Arising from: Tomlins et al. Nature 448, 595–599 (2007)10.1038/nature06024 ; Tomlins et al. reply The first recurrent translocation event in prostate cancer has been recently described1; it results in the translocation of an ETS (E26 transformation specific) transcription factor (ERG or ETV1) to the TMPRSS2 promoter region, which contains androgen responsive elements1. The TMPRSS2:ERG genetic rearrangement has been reported to occur in approximately 40% of primary prostate tumours (ETV1 genetic rearrangements occur at a much lower frequency), and it results in the aberrant androgen-regulated expression of ERG1,2,3. Tomlins et al.4 concluded that ETS genetic rearrangements are sufficient to initiate prostate neoplasia. However, here we show that ETS genetic rearrangements may in fact represent progression events rather than initiation events in prostate tumorigenesis.
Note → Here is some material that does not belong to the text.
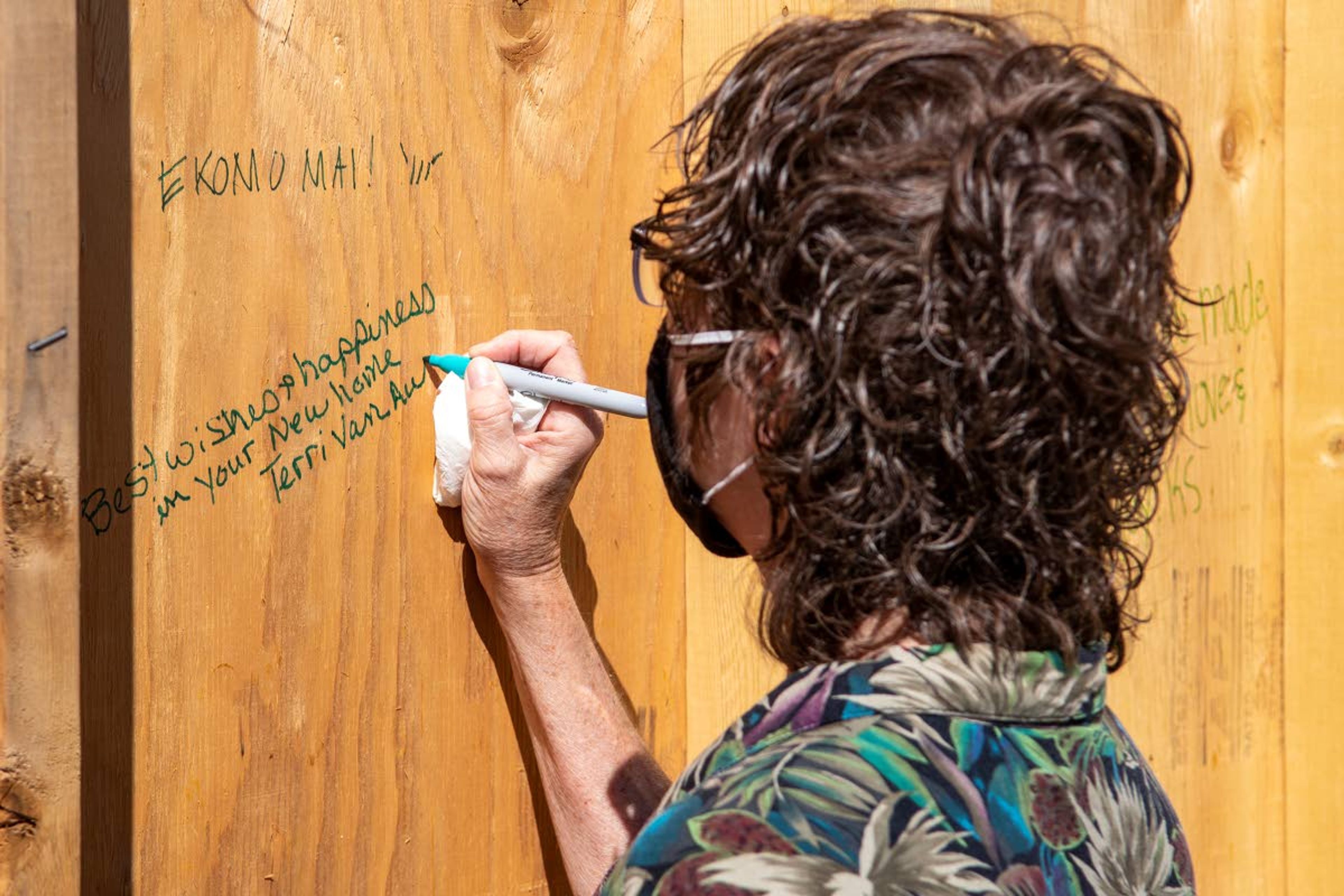 Guest Terri Van Auken, of Colfax, leaves a positive message on a wall during a celebration of raising the final wall of an energy efficient home in Uniontown on Thursday afternoon.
To this end, we demonstrate that the prostate-specific overexpression of ERG does not initiate prostate tumorigenesis.

Suggested Citation

  • Brett S. Carver & Jennifer Tran & Zhenbang Chen & Arkaitz Carracedo-Perez & Andrea Alimonti & Caterina Nardella & Anuradha Gopalan & Peter T. Scardino & Carlos Cordon-Cardo & William Gerald & Pier Pao, 2009. "ETS rearrangements and prostate cancer initiation," Nature, Nature, vol. 457(7231), pages 1-1, February.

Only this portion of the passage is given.